## What this task involves
Take the material below and output exactly the run of lines from the one containing "Portada EL PEQUEÑO" down to the one containing "rinascente ZIMMERMANN Ramie blouse", with both included.

= Beginning of Section =

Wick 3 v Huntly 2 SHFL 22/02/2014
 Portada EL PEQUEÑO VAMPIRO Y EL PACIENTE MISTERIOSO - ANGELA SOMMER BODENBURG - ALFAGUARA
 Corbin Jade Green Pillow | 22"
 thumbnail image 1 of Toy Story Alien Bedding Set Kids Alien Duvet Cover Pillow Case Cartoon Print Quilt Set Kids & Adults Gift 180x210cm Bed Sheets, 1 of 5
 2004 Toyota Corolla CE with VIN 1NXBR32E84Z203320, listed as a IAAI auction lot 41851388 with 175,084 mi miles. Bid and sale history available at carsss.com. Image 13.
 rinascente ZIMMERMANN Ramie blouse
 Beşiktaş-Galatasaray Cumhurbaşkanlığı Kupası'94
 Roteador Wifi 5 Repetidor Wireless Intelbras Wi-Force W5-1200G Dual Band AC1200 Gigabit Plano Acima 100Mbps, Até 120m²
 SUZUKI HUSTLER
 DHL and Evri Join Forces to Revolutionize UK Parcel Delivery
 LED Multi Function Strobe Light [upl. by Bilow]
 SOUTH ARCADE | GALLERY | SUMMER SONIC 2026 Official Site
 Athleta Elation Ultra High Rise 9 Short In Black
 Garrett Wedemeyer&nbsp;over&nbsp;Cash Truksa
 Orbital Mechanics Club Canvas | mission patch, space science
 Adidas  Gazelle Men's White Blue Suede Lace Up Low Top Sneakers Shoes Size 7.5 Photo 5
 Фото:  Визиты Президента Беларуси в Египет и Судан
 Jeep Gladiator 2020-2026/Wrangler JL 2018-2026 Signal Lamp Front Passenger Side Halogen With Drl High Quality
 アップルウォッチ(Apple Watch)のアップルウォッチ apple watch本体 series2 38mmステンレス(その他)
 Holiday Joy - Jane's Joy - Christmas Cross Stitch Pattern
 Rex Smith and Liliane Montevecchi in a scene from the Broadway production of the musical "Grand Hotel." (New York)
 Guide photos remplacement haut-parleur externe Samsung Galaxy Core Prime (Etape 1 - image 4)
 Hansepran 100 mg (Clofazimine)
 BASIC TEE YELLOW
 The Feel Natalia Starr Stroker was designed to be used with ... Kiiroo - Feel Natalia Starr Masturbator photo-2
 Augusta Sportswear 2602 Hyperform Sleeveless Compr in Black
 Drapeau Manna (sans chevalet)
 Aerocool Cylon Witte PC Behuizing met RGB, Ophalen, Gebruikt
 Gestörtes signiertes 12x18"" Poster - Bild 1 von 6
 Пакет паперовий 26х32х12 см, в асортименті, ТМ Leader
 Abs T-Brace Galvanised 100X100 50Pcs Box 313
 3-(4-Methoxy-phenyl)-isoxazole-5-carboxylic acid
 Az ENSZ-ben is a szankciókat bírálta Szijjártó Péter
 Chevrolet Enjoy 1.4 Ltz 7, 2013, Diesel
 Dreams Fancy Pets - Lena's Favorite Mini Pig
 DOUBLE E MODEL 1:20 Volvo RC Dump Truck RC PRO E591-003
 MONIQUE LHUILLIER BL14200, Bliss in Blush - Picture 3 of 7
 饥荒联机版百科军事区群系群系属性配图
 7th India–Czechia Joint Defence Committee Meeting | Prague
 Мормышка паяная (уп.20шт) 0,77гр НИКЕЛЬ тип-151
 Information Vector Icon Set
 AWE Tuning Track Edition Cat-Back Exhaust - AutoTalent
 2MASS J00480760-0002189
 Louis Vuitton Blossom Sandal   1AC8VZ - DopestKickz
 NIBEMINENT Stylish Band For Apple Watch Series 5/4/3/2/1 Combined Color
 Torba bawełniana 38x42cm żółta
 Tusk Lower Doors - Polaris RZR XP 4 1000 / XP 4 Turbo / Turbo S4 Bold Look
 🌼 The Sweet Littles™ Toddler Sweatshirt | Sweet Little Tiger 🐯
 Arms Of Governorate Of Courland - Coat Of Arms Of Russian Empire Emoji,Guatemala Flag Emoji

= End of Section =

## Your response
 Portada EL PEQUEÑO VAMPIRO Y EL PACIENTE MISTERIOSO - ANGELA SOMMER BODENBURG - ALFAGUARA
 Corbin Jade Green Pillow | 22"
 thumbnail image 1 of Toy Story Alien Bedding Set Kids Alien Duvet Cover Pillow Case Cartoon Print Quilt Set Kids & Adults Gift 180x210cm Bed Sheets, 1 of 5
 2004 Toyota Corolla CE with VIN 1NXBR32E84Z203320, listed as a IAAI auction lot 41851388 with 175,084 mi miles. Bid and sale history available at carsss.com. Image 13.
 rinascente ZIMMERMANN Ramie blouse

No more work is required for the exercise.